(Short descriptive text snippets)
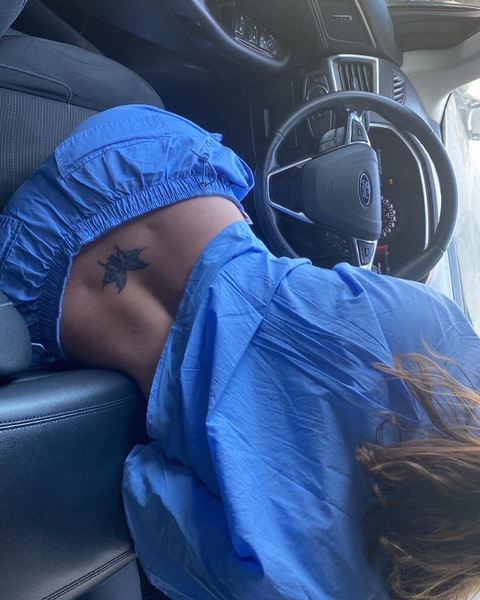 Header of mormonbaddie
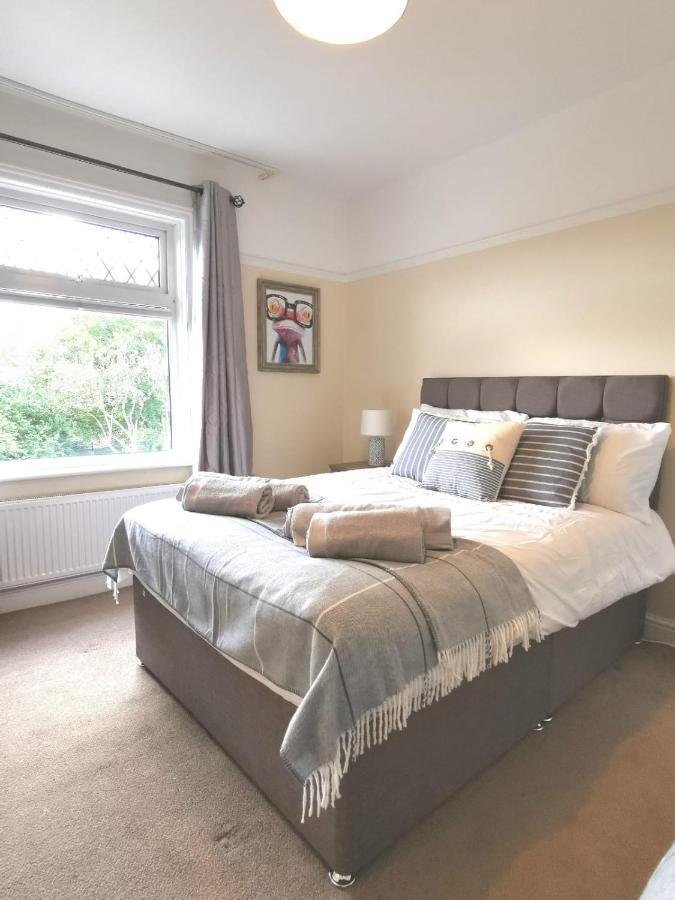 Off Road Parking, Garden, Tv In Every Room Swansea Esterno foto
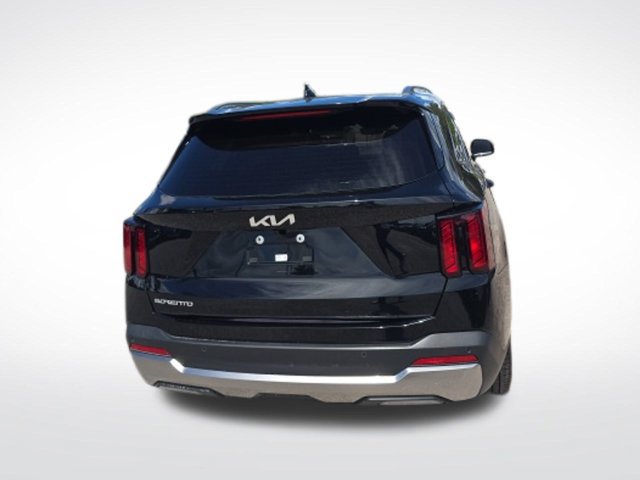 Used 2025 Kia Sorento S w/ Panoramic Sunroof Package FWD image 4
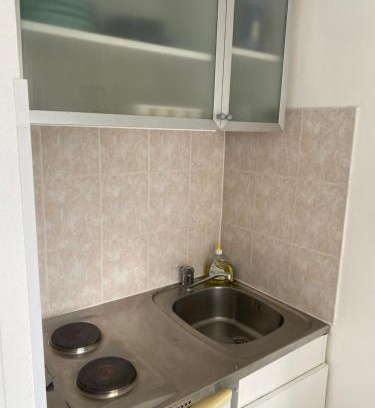 12th Arrondissement Apartment | Petit logement bien placé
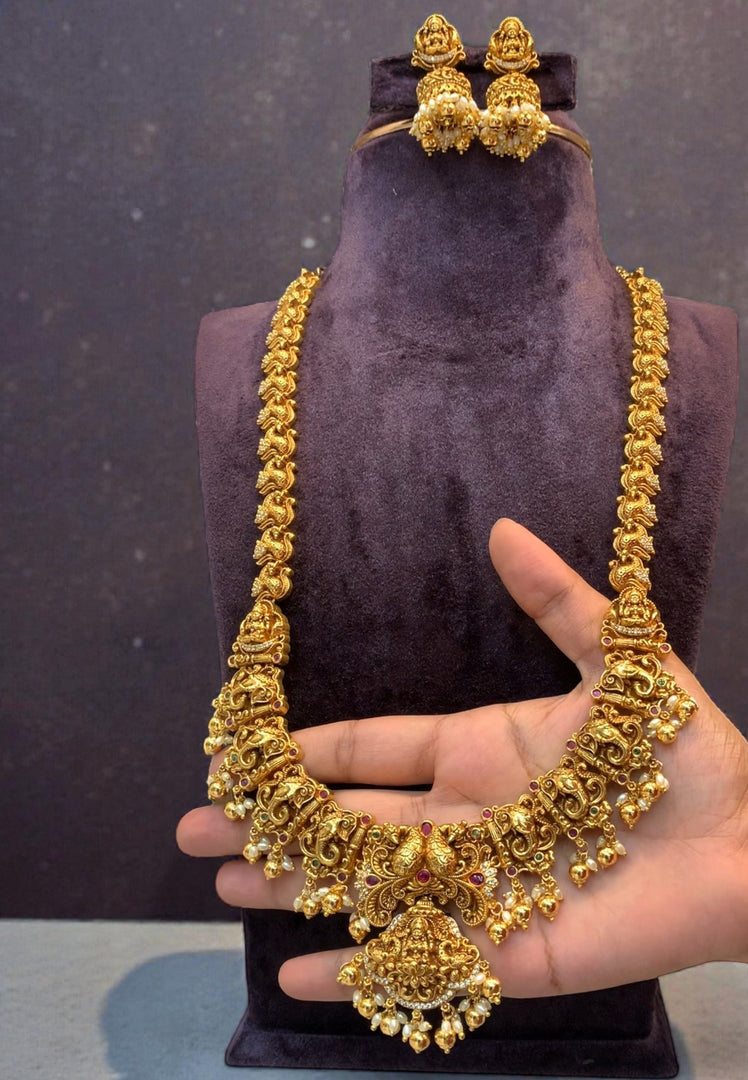 Traditional long haram with elephant designed without god Motive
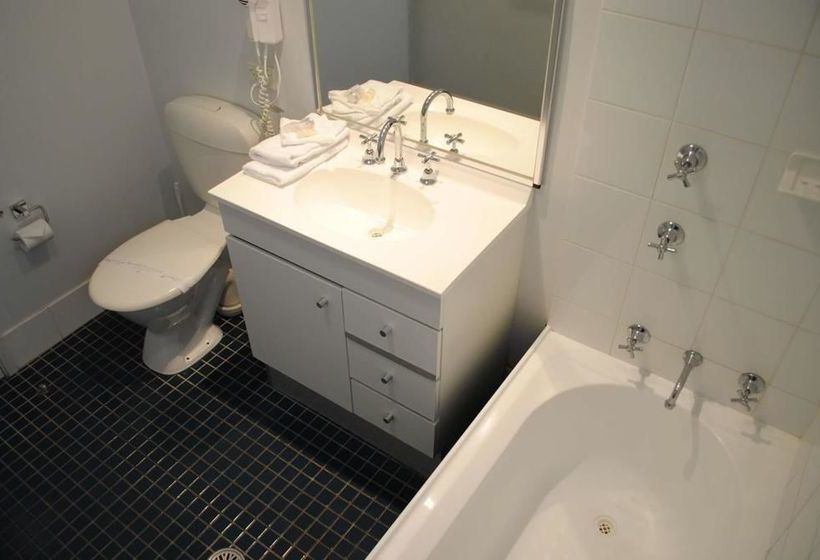 בית מלון כפרי Island View Beach Resort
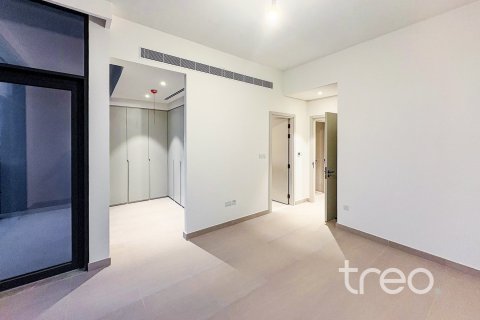 3 bedrooms Villa in Mudon, UAE No. 188126 15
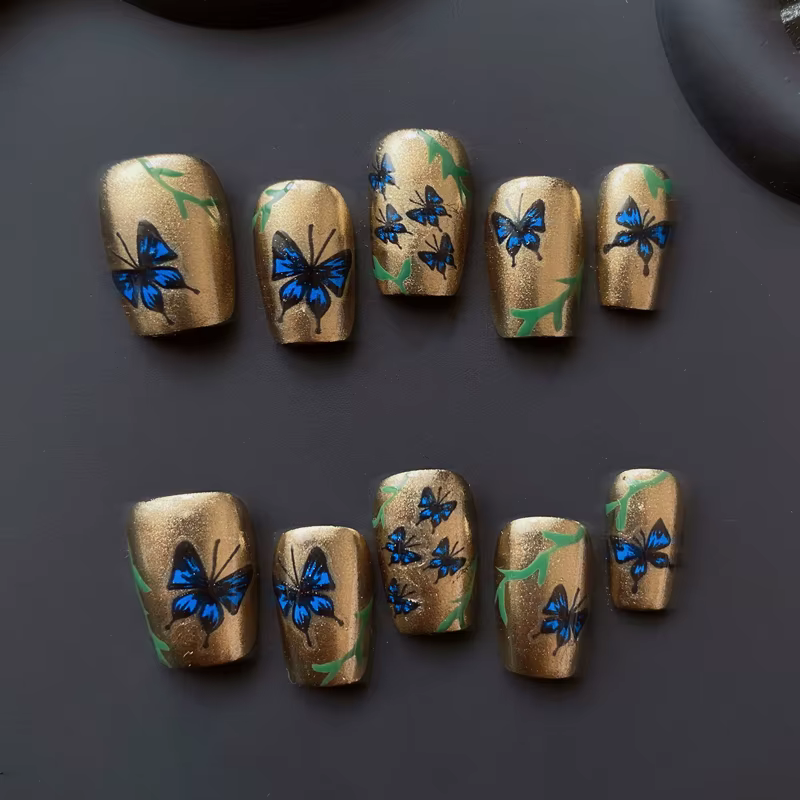 Faux ongles dorés à pression faits à la main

→ WHAT TO DO
Repeat only the lines between the top of the entries above and the line containing "Traditional long haram", both ends included, without the pictures.

→ COMPLETED TASK
 Header of mormonbaddie
 Off Road Parking, Garden, Tv In Every Room Swansea Esterno foto
 Used 2025 Kia Sorento S w/ Panoramic Sunroof Package FWD image 4
 12th Arrondissement Apartment | Petit logement bien placé
 Traditional long haram with elephant designed without god Motive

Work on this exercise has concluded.